**Instructions for the task**
Write out exactly the lines below that run from the one containing "所有人都知道季家大小姐高调喜" through the one containing "他生病的时候比自己生病还难受", both included, with no other lines.

**Extracted data**

* * *

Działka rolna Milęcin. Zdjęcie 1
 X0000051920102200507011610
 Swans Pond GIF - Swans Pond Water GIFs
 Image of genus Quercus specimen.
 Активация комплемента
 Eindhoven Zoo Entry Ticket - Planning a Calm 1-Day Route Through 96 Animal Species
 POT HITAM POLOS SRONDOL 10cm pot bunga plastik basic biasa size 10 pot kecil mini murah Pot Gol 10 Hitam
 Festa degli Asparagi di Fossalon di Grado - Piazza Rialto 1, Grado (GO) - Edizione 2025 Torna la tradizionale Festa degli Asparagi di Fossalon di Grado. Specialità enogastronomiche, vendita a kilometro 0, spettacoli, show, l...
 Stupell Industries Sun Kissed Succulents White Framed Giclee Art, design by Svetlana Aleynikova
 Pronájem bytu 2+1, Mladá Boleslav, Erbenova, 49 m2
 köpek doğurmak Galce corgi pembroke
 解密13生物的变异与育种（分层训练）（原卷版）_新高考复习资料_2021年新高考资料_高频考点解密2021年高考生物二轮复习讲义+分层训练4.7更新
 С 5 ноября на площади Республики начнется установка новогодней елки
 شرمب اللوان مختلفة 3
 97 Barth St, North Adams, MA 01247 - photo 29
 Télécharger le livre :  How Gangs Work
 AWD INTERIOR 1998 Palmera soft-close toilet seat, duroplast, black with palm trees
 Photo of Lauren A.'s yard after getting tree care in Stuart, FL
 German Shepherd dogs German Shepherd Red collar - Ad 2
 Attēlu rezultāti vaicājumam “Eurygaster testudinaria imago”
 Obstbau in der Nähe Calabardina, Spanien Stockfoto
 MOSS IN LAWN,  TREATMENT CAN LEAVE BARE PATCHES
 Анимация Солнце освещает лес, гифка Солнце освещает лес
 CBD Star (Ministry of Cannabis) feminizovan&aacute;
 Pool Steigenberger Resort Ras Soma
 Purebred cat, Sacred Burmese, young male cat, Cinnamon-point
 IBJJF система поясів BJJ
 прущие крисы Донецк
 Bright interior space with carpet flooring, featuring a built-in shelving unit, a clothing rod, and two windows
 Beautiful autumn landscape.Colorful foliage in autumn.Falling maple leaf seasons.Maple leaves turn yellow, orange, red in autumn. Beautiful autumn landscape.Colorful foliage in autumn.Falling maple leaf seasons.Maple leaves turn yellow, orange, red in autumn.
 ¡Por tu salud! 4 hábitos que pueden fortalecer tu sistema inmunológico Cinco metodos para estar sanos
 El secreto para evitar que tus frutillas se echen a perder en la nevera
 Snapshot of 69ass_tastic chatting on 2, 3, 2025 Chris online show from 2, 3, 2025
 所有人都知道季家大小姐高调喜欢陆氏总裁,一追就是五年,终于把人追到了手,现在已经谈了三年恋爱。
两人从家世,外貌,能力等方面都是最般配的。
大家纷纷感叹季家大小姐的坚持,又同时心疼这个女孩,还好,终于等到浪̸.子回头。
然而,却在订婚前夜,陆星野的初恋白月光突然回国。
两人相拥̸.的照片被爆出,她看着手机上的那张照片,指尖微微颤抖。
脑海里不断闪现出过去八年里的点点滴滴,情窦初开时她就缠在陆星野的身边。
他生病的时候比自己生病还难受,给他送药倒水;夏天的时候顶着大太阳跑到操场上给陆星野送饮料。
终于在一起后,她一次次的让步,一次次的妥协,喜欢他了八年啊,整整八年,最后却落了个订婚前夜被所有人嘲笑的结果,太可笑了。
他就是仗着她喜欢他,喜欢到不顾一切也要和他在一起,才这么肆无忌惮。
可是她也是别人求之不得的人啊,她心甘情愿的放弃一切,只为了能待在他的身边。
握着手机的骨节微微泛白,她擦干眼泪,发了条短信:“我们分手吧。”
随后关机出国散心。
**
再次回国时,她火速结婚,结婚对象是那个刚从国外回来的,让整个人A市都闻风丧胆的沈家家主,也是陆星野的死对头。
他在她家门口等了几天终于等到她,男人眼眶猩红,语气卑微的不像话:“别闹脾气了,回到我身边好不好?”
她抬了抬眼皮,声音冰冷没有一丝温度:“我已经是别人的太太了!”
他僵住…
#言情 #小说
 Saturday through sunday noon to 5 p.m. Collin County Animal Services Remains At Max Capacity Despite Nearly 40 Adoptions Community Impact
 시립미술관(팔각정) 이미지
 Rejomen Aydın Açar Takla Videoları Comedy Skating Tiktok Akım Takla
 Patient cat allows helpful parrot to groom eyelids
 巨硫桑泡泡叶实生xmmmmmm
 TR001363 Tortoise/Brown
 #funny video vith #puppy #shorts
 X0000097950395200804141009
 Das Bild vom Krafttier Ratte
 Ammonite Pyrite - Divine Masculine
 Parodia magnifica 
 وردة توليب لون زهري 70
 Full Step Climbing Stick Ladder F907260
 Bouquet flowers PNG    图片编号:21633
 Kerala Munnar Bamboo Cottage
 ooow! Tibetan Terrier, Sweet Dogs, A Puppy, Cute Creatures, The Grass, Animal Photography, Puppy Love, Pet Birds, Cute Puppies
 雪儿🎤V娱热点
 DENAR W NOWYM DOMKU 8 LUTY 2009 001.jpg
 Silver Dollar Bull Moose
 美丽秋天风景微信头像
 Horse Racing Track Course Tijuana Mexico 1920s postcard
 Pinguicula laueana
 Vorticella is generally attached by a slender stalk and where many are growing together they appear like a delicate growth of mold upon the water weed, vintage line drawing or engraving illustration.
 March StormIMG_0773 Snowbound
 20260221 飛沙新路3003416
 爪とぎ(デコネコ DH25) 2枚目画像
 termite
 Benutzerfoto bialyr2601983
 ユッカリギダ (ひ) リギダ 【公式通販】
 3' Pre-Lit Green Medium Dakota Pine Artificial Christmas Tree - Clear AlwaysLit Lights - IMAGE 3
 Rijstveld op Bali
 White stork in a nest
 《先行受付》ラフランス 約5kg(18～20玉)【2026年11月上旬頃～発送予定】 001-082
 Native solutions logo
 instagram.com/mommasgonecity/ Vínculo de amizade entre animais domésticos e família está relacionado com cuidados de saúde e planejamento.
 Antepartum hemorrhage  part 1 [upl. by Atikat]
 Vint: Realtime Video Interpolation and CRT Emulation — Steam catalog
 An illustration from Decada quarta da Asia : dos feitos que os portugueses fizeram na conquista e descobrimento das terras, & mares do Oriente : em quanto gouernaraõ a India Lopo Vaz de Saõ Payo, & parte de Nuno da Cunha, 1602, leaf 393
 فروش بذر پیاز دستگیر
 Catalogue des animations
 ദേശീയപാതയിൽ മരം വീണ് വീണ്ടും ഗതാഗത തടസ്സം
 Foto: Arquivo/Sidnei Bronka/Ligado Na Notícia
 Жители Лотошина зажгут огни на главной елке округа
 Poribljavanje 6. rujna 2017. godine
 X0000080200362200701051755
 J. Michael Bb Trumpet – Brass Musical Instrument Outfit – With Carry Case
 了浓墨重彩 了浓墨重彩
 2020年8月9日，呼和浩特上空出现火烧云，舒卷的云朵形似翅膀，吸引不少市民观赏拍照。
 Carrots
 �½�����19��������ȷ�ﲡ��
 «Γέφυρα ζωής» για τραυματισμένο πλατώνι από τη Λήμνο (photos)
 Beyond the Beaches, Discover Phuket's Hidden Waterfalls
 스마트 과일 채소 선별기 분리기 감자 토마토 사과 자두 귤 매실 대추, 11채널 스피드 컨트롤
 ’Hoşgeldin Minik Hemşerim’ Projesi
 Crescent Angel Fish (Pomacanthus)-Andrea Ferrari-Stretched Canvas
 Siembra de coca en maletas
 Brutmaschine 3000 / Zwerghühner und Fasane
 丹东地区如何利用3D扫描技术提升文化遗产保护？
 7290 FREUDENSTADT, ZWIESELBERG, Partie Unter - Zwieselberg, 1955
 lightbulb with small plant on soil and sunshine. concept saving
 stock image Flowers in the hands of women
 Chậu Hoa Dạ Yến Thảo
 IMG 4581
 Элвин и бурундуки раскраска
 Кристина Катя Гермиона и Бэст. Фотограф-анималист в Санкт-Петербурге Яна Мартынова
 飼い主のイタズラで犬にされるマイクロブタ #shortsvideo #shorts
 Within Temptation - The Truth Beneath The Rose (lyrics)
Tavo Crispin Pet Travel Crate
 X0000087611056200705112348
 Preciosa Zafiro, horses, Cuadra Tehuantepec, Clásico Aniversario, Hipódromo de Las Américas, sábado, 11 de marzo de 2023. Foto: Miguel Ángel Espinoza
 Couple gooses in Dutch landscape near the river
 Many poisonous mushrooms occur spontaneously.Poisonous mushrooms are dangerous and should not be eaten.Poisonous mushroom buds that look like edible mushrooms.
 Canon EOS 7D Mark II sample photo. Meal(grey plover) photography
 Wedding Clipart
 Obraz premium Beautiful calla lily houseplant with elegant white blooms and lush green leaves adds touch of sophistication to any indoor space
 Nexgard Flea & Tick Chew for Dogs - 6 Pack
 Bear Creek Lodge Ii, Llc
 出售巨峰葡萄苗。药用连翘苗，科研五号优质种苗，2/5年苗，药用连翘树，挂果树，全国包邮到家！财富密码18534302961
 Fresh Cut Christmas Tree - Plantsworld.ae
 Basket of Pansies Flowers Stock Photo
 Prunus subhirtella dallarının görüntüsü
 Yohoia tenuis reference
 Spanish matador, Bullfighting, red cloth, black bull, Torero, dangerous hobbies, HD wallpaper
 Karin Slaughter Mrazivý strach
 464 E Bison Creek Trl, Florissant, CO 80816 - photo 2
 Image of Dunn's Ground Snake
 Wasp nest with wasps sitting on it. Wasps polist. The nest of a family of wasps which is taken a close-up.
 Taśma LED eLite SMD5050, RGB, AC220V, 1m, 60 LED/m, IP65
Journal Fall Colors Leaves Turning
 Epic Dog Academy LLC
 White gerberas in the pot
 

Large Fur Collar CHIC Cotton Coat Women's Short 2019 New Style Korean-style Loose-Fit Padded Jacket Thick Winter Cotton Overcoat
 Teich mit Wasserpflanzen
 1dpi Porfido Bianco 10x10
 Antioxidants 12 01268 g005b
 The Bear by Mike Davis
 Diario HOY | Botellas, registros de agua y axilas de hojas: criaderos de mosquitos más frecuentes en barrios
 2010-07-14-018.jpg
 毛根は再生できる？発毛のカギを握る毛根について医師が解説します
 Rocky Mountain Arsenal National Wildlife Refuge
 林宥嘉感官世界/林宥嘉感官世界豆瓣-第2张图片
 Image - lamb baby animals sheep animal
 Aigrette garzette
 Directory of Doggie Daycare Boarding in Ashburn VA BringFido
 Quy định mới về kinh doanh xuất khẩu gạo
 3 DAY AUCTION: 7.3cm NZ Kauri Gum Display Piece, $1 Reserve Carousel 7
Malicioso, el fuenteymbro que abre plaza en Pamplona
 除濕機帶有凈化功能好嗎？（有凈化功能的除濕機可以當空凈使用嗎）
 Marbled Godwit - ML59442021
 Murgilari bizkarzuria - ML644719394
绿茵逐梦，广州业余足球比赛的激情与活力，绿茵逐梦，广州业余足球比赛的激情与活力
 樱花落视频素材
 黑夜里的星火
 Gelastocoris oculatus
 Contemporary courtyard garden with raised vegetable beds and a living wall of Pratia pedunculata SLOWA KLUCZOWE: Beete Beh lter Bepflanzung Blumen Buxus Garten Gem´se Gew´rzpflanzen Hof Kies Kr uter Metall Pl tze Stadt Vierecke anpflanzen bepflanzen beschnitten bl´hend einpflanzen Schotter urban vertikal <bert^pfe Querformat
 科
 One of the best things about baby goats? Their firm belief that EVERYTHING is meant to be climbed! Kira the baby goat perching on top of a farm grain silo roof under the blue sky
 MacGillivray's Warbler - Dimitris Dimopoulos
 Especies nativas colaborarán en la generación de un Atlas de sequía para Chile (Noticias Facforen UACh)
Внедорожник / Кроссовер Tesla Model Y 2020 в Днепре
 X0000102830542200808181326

* * *

**Answer to this exercise**
 所有人都知道季家大小姐高调喜欢陆氏总裁,一追就是五年,终于把人追到了手,现在已经谈了三年恋爱。
两人从家世,外貌,能力等方面都是最般配的。
大家纷纷感叹季家大小姐的坚持,又同时心疼这个女孩,还好,终于等到浪̸.子回头。
然而,却在订婚前夜,陆星野的初恋白月光突然回国。
两人相拥̸.的照片被爆出,她看着手机上的那张照片,指尖微微颤抖。
脑海里不断闪现出过去八年里的点点滴滴,情窦初开时她就缠在陆星野的身边。
他生病的时候比自己生病还难受,给他送药倒水;夏天的时候顶着大太阳跑到操场上给陆星野送饮料。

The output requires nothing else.